I've been debating all evening about whether or not to write tonight.  I have a tendency to write about areas that I am beginning to conquer.  Tonight I'm struggling.  I'm in pain, the kind that doesn't go away no matter what I do.  It's been building all day.  I have a tendency to be able to predict the weather between my arthritis and the fibromyalgia.  When my husband was a painting contractor he used to ask me what the weather was going to be like the following day so he would know whether he should schedule for outdoor or indoor work.  Unfortunately that has not changed for the better--I have simply become more proficient.  

I'm trying to be more aware of why I do some of the things I do and for the most part, this is going quite well.  BUT I have learned that when I am experiencing pain, I eat.  I will eat anything that I think will give me comfort and/or relief.  Then afterward I kick myself as I realize if I eat, I will gain more weight, which in turn will make me hurt more.  This is a vicious cycle, one I've been struggling with for a very long time.  At least tonight I have chosen fruit and some nuts.  
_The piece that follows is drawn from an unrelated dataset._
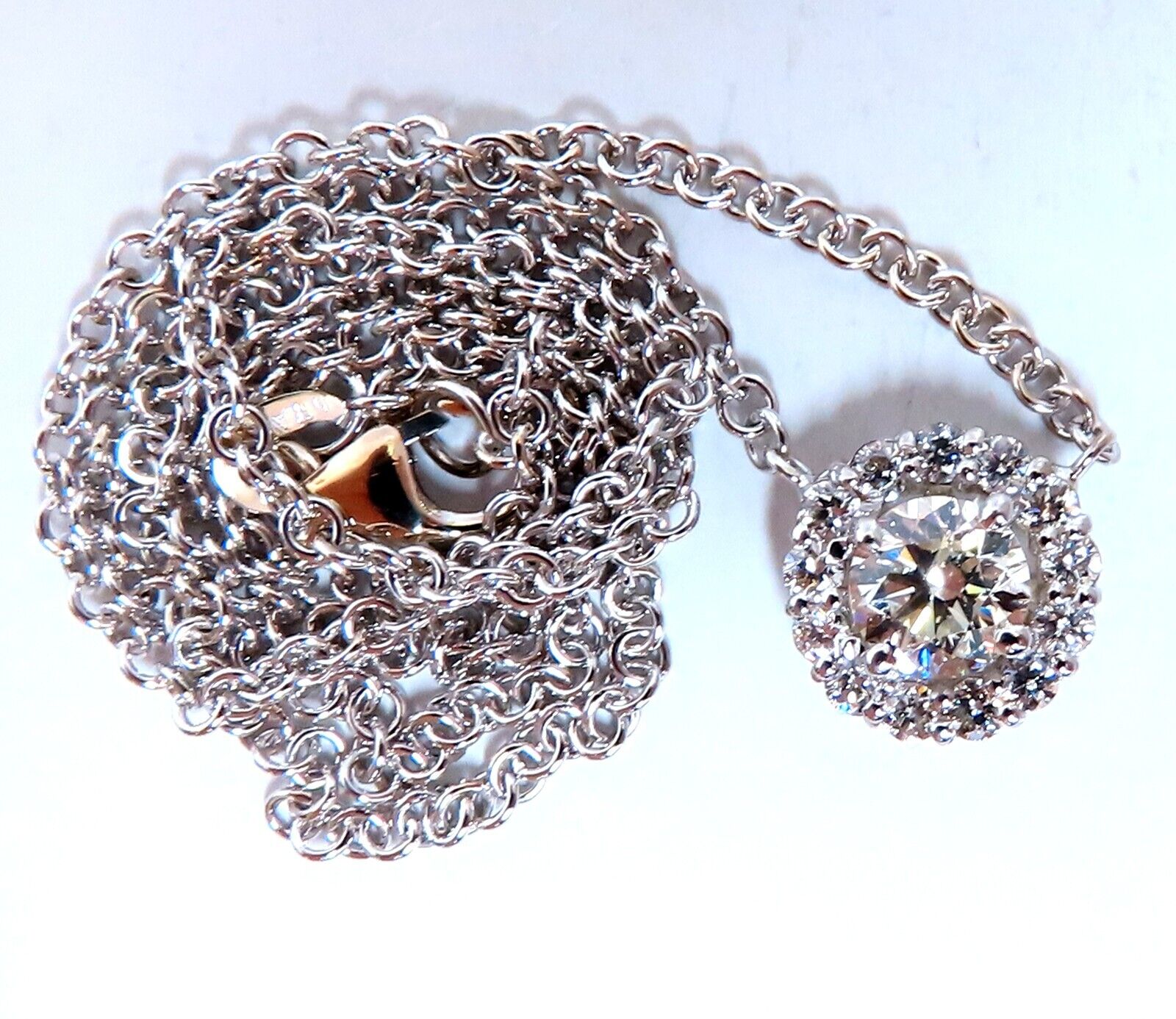 1.09ct Natural Diamond Halo Cluster Necklace in 14K Gold - Elegant Jewelry for Weddings, Anniversaries & Special Occasions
I keep thinking if I do the right thing, lose enough weight, exercise enough etc... I will be just like I was when I was younger; and the sad thing is my Mother would try and tell me to be kind to myself, because if I didn't, I would suffer the consequences when I was her age.  AND I LAUGHED!!!  I would tell her that I was different.  Just because it happened to her did NOT automatically mean it would happen to me.  She would tell me I needed to ask for help to move my furniture.  Not me--I'm strong and independent.  I didn't NEED anyone's help to do anything.  Looking back, I was quite arrogant.  

How often do we respond in a similar way to God's prompting in our life.  I don't know about you, but there are many times I have forged ahead doing things my way.  I would pray about it, but my prayers were more, "God, this is what I want to do.  Now bless it, help me work it out, and I'll get it done."  So many times I've had to back pedal and try to explain to others why a certain project didn't go the way I thought it would.  God wants us to listen and be obedient to Him.  That's when I can have total peace of mind over a project--when He is really in charge and I am doing what He wants me to do.  

So, do I share the day and night of pain?  I think in all fairness I should.  In this way I pray you will be encouraged.  I struggle.  I question and He doesn't mind.  But I know, that in the midst of the struggle and questions and discouragement, He gives me peace.  Psalm 91:4 reminds me:   He will cover you with his feathers, and under his wings you will find refuge; his faithfulness will be your shield and rampart.   What a perfect place to be.